CNN  — 

Peace talks, a gruesome report complete with images detailing alleged torture, and frigid temperatures that have left thousands of refugees freezing in makeshift camps – it has been an unsettling and uncertain start to the year for Syria. To help make sense of the latest developments, CNN has put together an overview of what has been happening over the past month.

A smoking gun?

“Any prosecutor would like this kind of evidence – the photos and the process. This is direct evidence of the regime’s killing machine.” So says one of the authors of a new report on the Syrian regime, revealed exclusively by CNN, which was put together by a team of war crimes prosecutors and forensic experts.

The photos in the report allegedly show bodies with clear signs of starvation, brutal beatings and strangulation, among other forms of torture. The regime of Syrian President Bashar al-Assad has consistently denied abusing human rights, instead blaming rebels for any wrongdoing.
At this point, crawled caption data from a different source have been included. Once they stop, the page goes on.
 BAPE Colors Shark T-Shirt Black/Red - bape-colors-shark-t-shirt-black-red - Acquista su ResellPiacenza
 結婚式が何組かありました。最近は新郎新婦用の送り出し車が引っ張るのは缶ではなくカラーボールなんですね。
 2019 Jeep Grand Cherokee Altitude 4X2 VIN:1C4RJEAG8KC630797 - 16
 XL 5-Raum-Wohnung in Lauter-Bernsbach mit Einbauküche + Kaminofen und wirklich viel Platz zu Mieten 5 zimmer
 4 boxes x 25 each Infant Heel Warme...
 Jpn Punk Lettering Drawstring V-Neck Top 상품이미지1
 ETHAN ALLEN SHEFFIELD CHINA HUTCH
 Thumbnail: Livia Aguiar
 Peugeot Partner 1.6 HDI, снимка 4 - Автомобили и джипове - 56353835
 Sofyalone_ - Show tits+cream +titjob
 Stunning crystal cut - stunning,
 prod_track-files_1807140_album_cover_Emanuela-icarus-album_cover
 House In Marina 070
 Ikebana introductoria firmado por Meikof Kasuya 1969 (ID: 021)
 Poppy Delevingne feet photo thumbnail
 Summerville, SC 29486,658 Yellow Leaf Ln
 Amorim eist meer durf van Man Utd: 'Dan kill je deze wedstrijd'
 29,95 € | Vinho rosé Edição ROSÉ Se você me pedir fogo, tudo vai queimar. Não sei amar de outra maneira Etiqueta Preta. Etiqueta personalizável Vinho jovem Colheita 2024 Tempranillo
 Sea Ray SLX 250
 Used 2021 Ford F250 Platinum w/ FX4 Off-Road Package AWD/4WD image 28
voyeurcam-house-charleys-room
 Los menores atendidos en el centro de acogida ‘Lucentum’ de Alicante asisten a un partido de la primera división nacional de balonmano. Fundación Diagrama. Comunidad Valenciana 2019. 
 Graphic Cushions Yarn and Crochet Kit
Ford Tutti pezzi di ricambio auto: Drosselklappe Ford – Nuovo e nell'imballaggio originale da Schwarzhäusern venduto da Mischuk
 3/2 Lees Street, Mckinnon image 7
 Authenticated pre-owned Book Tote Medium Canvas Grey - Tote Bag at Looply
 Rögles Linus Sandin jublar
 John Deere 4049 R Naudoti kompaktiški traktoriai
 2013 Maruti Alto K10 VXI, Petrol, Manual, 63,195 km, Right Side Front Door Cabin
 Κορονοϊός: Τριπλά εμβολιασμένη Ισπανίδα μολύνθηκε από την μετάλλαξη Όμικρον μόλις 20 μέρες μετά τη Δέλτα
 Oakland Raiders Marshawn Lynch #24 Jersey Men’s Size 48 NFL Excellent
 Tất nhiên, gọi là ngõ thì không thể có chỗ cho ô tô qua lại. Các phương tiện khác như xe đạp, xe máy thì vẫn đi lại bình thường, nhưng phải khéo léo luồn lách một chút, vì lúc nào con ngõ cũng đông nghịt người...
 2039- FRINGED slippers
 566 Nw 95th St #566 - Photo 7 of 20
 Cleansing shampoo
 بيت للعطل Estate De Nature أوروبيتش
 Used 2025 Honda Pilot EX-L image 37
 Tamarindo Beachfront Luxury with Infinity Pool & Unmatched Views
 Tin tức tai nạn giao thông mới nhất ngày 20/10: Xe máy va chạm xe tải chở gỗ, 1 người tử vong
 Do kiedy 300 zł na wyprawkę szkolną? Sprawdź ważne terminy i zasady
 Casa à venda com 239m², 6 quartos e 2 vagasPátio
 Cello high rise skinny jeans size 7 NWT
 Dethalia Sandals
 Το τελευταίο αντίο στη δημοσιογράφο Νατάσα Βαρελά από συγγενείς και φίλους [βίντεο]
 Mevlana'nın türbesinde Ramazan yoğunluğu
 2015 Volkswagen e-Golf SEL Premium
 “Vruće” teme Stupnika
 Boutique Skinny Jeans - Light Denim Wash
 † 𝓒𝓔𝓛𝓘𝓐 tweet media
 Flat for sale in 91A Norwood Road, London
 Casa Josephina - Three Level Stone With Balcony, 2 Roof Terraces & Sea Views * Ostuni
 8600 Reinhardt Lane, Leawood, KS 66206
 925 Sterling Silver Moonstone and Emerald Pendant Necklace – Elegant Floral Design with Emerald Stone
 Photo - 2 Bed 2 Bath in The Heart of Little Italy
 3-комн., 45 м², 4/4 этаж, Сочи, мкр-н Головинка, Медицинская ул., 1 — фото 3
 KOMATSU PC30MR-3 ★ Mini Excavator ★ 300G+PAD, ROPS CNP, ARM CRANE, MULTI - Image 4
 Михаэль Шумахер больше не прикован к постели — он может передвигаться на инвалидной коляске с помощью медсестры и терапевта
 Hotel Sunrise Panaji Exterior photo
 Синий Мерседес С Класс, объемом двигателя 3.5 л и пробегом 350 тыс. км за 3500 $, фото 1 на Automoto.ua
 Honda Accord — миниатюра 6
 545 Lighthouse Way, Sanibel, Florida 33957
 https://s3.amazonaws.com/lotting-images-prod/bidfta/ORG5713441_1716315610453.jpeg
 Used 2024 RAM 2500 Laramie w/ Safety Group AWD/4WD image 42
But human rights organizations, including Amnesty International, say the images in the report are in keeping with their own findings.

“The allegations are consistent with aspects of Amnesty International’s own research into torture and enforced disappearance by the Syrian government and must be taken seriously,” Philip Luther, Amnesty’s Middle East and North Africa director, said Tuesday.

“The Geneva II peace conference must treat this as an absolute priority.”

Gruesome Syria photos may prove torture by Assad regime

Peace conference – Part 2

The peace conference Luther is referring to is the latest international effort aimed at ending Syria’s civil war. Scheduled to start Wednesday in Switzerland, the talks are to be attended by the five permanent members of the U.N. Security Council – Britain, China, France, Russia and the United States – Syria’s main opposition Syrian National Coalition, and more than two dozen other countries. A preliminary international session is scheduled for Wednesday in Montreux, with talks between the Syrian government and opposition delegations slated to begin Friday in Geneva. The talks, which follow on an “action group” meeting held in June 2012, will mark the first time that opposition representatives will have been in face-to-face talks with the Assad regime since the conflict erupted in March 2011.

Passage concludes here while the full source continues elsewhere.